The theory of a transitional leap that avoids Industrial Age ‘dirty development’ and propels developing economies into a post-carbon world is certainly attractive. However, as Dr Chris Jardine, a researcher at Oxford University’s Environmental Change Institute found out, matters are not always so simple. Working on solar installation projects in Ghana, he fitted several hospitals with solar power arrays. Problems soon reared their head – the biggest of which was the almost complete lack of healthcare professionals at the hospital.

‘There is little point in having a well-equipped and renewably powered hospital if the culture makes it impossible to attract doctors,’ he explains. ‘We did our best to make the facilities inviting, but the fact remains that far-flung rural hospitals with virtually no infrastructure do not only need decentralized energy. They require a much wider development solution, of which renewables are just a part.’

Dr Jardine also pointed to the cost of renewables as a serious issue, a problem that is heightened by the need to fit battery-supported solar power due to the unreliable and sometimes non-existent electricity grid in developing countries. However, with sufficient money flowing into renewable energy, he believes that markets could be created in the developing world. ‘The most lasting legacy of our project is likely to be the local people that we trained to fit and maintain the solar systems.

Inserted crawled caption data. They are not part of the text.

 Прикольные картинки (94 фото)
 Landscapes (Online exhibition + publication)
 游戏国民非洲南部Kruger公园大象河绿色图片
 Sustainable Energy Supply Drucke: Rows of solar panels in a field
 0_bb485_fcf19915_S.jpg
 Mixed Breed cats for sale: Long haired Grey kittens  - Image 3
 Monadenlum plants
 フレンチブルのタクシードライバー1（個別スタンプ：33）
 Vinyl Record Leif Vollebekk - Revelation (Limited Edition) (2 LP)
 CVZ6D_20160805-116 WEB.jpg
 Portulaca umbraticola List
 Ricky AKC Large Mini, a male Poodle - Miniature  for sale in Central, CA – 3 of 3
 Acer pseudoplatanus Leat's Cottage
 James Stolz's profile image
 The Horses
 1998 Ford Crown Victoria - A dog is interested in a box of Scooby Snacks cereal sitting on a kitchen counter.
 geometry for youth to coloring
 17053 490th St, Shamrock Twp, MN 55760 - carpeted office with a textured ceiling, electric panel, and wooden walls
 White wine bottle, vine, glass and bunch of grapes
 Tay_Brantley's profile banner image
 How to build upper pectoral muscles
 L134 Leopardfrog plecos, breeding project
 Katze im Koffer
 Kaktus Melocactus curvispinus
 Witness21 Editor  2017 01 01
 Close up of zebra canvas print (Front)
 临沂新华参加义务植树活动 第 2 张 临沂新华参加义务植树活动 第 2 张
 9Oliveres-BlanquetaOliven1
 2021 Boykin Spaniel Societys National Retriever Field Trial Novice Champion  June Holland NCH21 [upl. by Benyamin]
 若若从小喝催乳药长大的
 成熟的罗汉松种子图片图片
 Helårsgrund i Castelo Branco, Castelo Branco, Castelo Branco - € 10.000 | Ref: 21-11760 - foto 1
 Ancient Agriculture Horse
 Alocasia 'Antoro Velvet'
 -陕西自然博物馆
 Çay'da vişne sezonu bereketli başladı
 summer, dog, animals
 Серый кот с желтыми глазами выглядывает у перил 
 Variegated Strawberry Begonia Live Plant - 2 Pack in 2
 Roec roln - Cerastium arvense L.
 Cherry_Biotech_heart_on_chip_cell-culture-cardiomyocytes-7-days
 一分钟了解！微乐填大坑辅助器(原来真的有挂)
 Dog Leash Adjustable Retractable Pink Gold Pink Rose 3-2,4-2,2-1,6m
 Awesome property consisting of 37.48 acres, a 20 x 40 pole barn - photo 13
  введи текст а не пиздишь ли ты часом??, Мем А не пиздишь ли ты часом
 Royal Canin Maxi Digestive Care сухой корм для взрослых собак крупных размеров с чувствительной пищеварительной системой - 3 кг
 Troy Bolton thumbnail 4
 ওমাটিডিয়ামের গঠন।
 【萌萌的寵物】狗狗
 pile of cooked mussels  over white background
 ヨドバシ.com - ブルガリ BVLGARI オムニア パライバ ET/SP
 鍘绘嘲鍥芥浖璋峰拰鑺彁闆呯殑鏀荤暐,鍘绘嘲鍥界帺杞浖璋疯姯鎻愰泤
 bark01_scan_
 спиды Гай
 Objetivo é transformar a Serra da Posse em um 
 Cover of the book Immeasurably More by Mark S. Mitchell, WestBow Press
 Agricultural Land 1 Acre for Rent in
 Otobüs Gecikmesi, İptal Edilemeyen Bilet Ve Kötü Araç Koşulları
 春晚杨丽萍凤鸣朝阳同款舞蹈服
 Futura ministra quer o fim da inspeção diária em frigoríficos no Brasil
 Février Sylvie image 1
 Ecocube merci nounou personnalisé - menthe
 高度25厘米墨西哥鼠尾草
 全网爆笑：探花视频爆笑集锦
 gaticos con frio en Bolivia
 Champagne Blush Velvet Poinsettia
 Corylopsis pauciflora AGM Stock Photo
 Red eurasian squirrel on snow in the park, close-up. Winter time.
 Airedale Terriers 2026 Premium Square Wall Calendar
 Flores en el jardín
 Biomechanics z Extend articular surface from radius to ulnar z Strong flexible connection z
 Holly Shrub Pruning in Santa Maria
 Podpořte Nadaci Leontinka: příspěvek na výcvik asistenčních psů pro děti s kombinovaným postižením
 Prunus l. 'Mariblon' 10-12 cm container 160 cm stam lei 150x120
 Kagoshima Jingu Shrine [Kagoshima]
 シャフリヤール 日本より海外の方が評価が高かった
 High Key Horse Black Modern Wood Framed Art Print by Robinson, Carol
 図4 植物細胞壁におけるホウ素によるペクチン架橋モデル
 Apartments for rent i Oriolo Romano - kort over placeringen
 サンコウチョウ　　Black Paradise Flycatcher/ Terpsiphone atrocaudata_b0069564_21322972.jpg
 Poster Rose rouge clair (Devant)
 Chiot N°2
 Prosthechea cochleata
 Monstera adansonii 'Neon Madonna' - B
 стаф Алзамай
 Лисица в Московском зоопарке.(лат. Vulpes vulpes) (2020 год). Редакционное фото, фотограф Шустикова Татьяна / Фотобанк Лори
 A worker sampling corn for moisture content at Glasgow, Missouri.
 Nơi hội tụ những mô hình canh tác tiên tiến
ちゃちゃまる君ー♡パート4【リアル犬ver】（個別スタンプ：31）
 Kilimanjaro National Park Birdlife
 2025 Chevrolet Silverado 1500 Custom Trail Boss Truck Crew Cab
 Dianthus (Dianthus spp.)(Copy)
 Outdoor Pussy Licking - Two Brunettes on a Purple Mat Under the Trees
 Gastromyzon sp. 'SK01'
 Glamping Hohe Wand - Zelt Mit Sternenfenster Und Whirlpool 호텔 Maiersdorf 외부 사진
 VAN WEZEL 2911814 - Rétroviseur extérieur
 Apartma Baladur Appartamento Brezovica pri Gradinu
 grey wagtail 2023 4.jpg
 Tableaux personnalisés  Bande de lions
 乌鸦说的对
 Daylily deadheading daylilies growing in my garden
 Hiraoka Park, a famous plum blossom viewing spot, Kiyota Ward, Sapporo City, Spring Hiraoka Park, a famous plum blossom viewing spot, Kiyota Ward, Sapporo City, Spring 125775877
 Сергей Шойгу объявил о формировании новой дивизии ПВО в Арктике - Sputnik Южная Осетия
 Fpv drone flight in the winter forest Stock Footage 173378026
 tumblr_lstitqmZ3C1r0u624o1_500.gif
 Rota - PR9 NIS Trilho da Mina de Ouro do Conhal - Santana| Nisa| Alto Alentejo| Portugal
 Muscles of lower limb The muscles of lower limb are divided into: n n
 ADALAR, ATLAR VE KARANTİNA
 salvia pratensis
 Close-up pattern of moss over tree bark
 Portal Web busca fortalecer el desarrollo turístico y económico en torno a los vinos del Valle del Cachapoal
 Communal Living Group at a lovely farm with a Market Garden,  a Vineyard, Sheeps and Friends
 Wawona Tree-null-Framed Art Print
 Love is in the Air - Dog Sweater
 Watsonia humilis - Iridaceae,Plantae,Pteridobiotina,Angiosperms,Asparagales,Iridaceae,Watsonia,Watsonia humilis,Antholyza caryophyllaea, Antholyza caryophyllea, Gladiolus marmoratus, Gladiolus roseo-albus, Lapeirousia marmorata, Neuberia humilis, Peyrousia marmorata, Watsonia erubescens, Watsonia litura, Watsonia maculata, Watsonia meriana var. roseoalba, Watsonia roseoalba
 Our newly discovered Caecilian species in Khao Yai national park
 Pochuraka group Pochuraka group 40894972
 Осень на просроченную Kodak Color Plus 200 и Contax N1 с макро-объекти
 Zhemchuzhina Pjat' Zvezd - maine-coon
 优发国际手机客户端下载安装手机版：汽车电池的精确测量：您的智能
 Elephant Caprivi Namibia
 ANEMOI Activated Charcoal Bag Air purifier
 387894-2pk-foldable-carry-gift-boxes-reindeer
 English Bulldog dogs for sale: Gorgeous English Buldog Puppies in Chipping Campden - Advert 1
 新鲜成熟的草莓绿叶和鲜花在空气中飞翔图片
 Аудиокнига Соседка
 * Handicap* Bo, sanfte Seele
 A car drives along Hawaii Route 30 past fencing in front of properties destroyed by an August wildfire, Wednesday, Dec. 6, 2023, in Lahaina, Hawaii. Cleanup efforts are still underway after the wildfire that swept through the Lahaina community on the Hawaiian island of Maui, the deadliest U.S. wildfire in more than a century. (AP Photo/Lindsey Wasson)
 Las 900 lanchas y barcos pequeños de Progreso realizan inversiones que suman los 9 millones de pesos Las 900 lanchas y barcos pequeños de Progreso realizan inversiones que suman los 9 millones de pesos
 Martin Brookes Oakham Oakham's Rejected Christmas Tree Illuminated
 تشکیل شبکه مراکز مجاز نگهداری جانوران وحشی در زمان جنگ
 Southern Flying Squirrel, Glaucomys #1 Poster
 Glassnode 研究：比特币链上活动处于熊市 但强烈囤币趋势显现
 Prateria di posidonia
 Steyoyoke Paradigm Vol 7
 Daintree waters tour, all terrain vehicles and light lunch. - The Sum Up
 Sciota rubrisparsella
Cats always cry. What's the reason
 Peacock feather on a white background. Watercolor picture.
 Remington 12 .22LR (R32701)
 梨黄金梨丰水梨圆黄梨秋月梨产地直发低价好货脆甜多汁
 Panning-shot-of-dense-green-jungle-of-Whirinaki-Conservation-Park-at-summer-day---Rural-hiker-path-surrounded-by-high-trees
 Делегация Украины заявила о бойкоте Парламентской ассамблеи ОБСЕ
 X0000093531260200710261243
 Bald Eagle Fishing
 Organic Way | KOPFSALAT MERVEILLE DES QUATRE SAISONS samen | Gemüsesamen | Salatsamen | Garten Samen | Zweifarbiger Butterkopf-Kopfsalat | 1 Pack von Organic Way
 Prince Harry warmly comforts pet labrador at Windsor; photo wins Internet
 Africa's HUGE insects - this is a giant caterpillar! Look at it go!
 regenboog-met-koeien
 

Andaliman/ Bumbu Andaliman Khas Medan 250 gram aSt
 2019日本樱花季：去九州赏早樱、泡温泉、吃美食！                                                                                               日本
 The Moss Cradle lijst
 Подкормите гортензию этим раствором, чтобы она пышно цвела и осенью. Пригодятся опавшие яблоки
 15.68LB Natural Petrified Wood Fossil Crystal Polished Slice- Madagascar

By creating a skill base in the countries themselves, we can make it more likely that a transition to renewable energy will occur.’

Another organization with hands-on experience of using renewable energy in the developing world is the Interlock Charitable Trust (www.interlock.co.uk). Working in remote rural areas of India, the Trust experienced significant problems both with cost and quality of the work when paying for solar installations at the village it is building to house children with HIV/AIDS and their parents. As a result, it too found that ‘skilling up’ the local population was both popular and empowering. Terrence McKee, a director of the Trust, explains that ‘new technology, such as renewable energy, can unlock many new possibilities for rural communities. However, it is not an end in itself. The most important thing about these projects are the possibilities for empowerment and self-reliance which they provide.’

Interlock’s rural medical clinics have encountered similar problems to the hospital projects in Ghana – but have also proven the capacity of modern technology to provide solutions, when used innovatively. Lacking trained doctors, Interlock has managed to set up an internet connection in its remote Shanti Van foundation, and is powering its computer equipment through solar energy. Through agreements with large training hospitals in major cities, as well as with retired doctors across India, Interlock hopes to arrange remote consultations and surgeries for the local community via webcam – removing, at least partially, the need for doctors to reside full time at the clinic. None of this would be possible without a reliable and consistent energy supply, provided by the sun.